Читать «Феномен ДБ» онлайн - страница 28

Владимир Алексеевич Колганов

«Традиционный русский писатель пишет очень медленно, это его большая беда. Я – традиционный американский писатель».

Вот уж никак не ожидал! Особенно в этом сомневаюсь, припоминая произведения Фолкнера, Хемингуэя, Сэлинджера и Стейнбека. Думаю, и классики американской литературы не предполагали, что окажутся в одной компании с романистом Быковым. Я уж не говорю про Фолкнера с его весьма своеобразным стилем, но стоило бы Хемингуэю хоть одним глазком взглянуть на диалоги из «Остромова», даже не читая, – он тут же должен был признать свою ущербность и приближение неотвратимого конца. Речь о конце литературы.

Но дальше больше – Быков связывает многословие, быстрописание и плодовитость в один тугой узел, так что ни косой не срежешь, и даже не разрубишь топором [37]:

«К вопросу о плодовитости. У нас она считается чем-то подозрительным, а для американского писателя двадцать романов за пять лет – норма».

Ну, против нынешней Америки не попрёшь – это аргумент из самых сильных и весомых. Однако неужели только в этом дело? Быков уже не раз признавался в своей любви к Америке – ну, если сам не является американофилом, то уж общаться, в основном, предпочитает с ними. Тогда зачем нужно напяливать на себя тогу, или же кафтан, русского писателя?

Закончив с анализом увлечений и традиций, попробую кое-что прояснить для самого себя, притом на полном серьёзе, без иронии. Есть мнение, что в многословии писателя теряется смысл, то есть смыслов может оказаться много, но нужно приложить невероятные усилия, чтобы отделить то главное, ради чего автор это написал. Ну разве что написано как раз ради многословия. Большая книга известного литератора предполагает приличный гонорар, а при удачном стечении обстоятельств, возможно, удастся отхватить и большую премию.

А вот мнение критика Марка Амусина, которое имеет непосредственное отношение к нашим поискам смысла в произведениях героя этой книги [50]:

«Отношение Быкова к “советской цивилизации” легко прочитывается и в “Оправдании”, и в “Орфографии”, и в “Остромове”. Но откуда же свалилась эта напасть на несчастную Россию? Согласимся, такой вопрос напрашивается. И вот тут приходится признать, что Быков в своей исторической рефлексии не занимается анализом – даже мифопоэтическим. Вопросы “почему”, “по каким причинам”, “в силу каких условий” в его книгах не ставятся. Большевистская революция уподобляется нашествию варваров, саранчи, чумы».
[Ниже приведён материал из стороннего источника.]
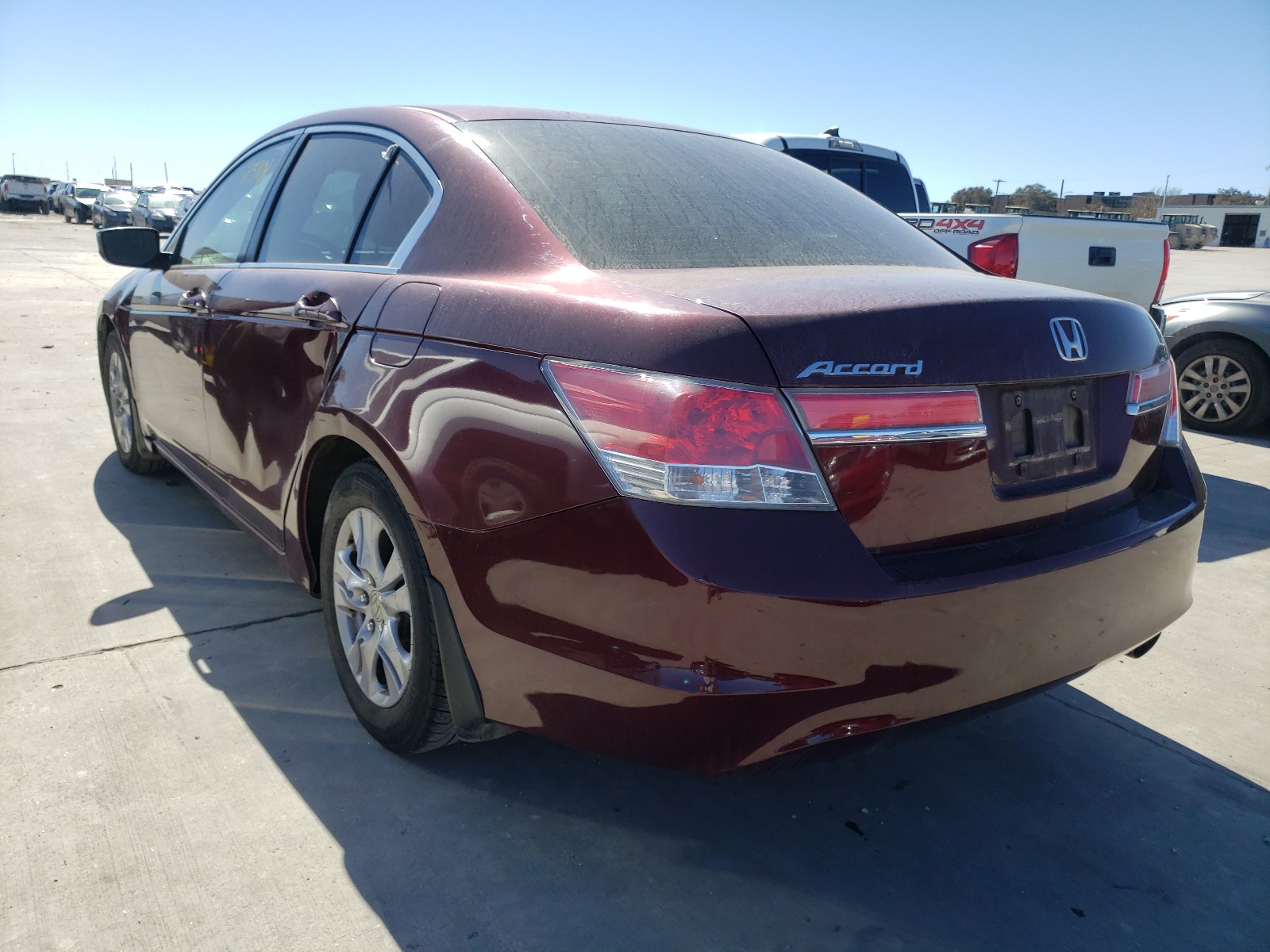 Photo 2 VIN: 1HGCP2F46CA176615 - HONDA ACCORD LXP 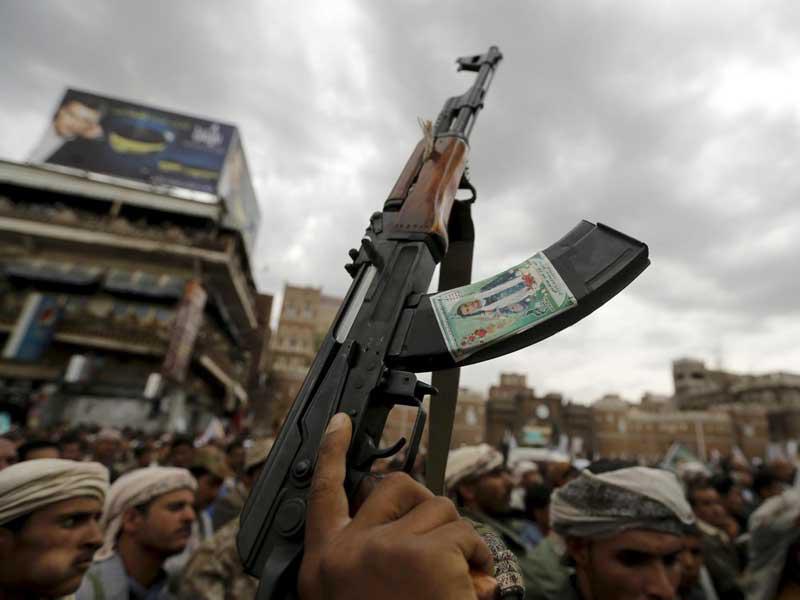 ميليشيا الحوثي تستهدف المناطق السكنية في المملكة العربية السعودية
Итак, получается, что Быков обходит стороной, игнорирует самый важный смысл: почему произошёл большевистский переворот и в чём причины того, что затем случилось. Ну взять хотя бы период с момента создания ВЧК и до конца известной всем «ежовщины». Нашествие варваров, «чернь», вылезшая из подвалов – это ничего не объясняет. Увы, с сожалением приходится признать, что среди многочисленных ипостасей Быкова осколка под названием Быков-аналитик я не обнаружил, есть только Быков-резонёр.

Однако снова предоставим слово критику – вот что пишет Никита Львович Елисеев [51]:

«Среди всех книг Дмитрия Быкова “Остромов, или Ученик чародея” занимает особое, особенное место. Во-первых, это – завершение трилогии. <…> “Остромов” – гимн социальной нереализованности, умело, грамотно сделанный человеком, социально реализовавшимся на все сто процентов. <…> Он самый “быковский” роман. Самый стилизаторский, самый литературный».